Commonwealth v. Vandenhecke

Crosby, J.

This is an indictment upon which the defendant has been found guilty of murder in the first degree. The case is before us on exceptions to the exclusion of evidence, to the refusal of the presiding judge to rule that the evidence did not warrant a verdict of guilty of murder in the first degree, and to the findings of the trial judge on the motion for a new trial, which motion was denied. These exceptions will be considered in the order of presentation.

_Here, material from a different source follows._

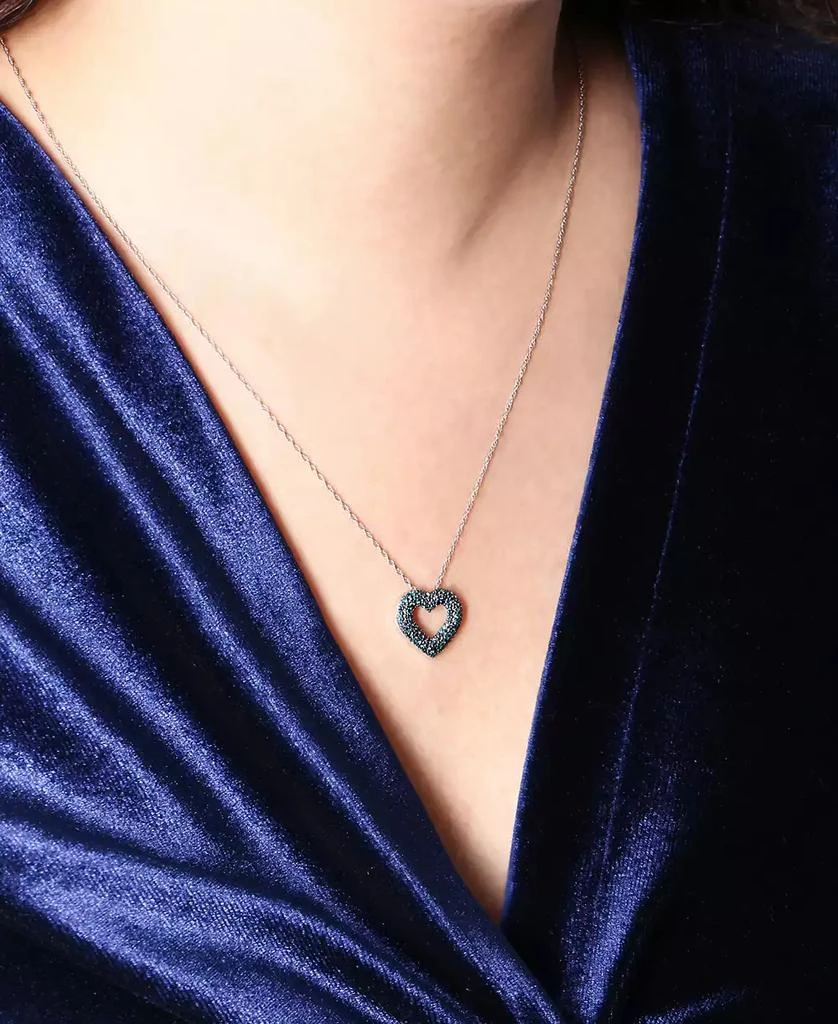 商品Macy's|Blue Diamond Heart 18" Pendant Necklace (1/2 ct. t.w.) in Sterling Silver,价格¥5301,第2张图片详细描述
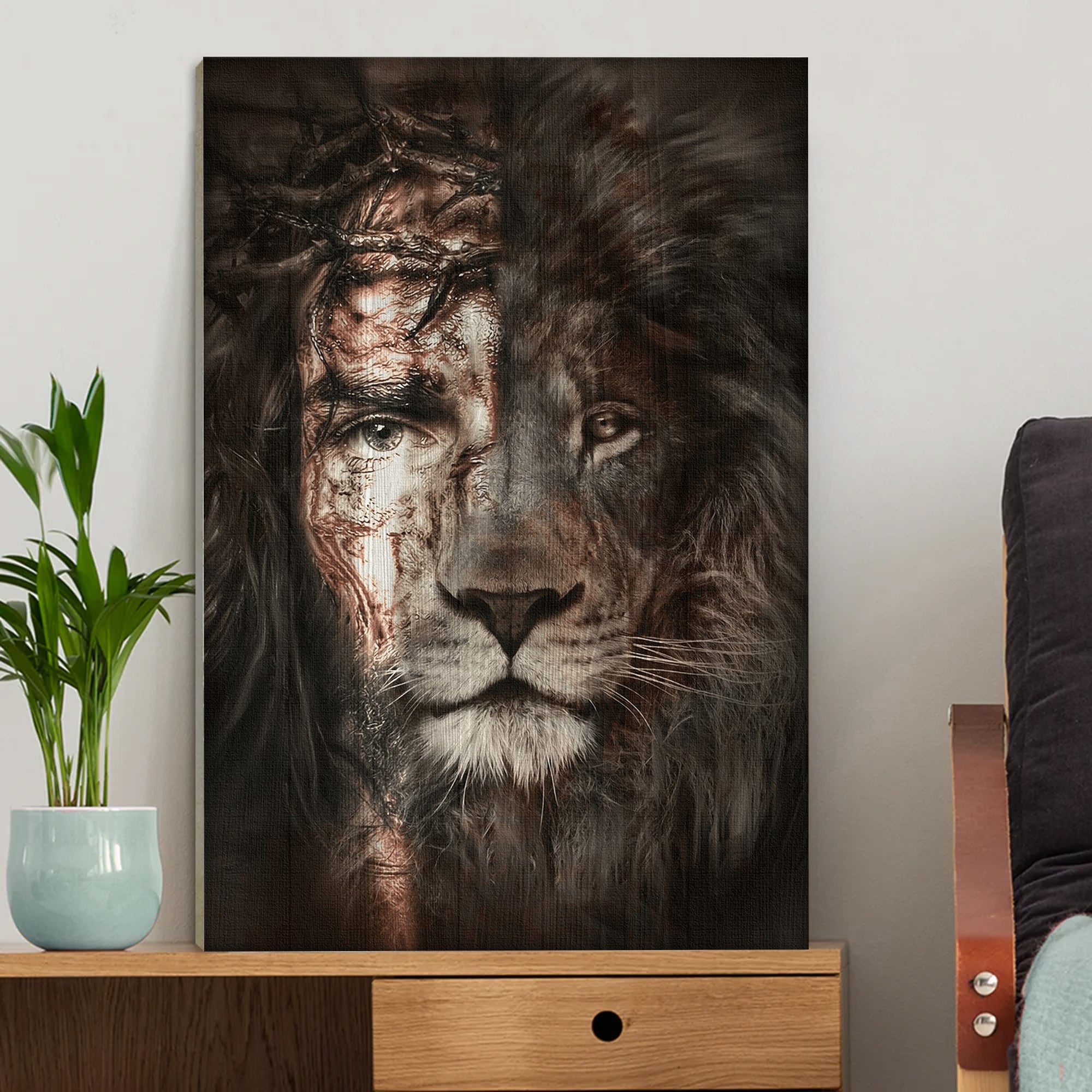 Avis89 Jesus Half Face Lion Christian Canvas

1. The indictment charged the defendant with the murder of Gislain Shureman. Sophie Shureman, wife of the deceased, was the only witness who testified that she saw the defendant shoot the deceased. During her cross-examination by the defendant’s counsel she was asked, “ Did you know a man named Hector Sorling? ” Her answer was “Yes.” She was then asked “ Did he live with you? ” This question, upon objection of the district attorney, was excluded subject to the defendant’s exception. The defendant offered to prove that the witness had lived with Sorling for some time before she married Shureman; and contended that the evidence was admissible to show that she was a woman of an adulterous disposition and that she had left her husband and gone away with the defendant voluntarily. It was offered for the purpose of affecting her credibility as a witness, and was inadmissible. The ruléis well established that the fact that a female witness is a prostitute-or keeps a house of ill fame is not admissible to impeach her. That question was settled in this Commonwealth in the case of Commonwealth v. Churchill, 11 Met. 538, See also Commonwealth v. Grose, 99 Mass. 423; Commonwealth v. Howard, 205 Mass. 128, at page 153.

*405In this Commonwealth and in certain other jurisdictions, it is provided by statute that the conviction of a witness of a crime may be shown to affect his credibility, by the introduction of the record. G. L. c. 233, § 21. Rittenberg v. Smith, 214 Mass. 343. Commonwealth v. Cohen, 234 Mass. 76. The exception to the exclusion of the evidence must be overruled.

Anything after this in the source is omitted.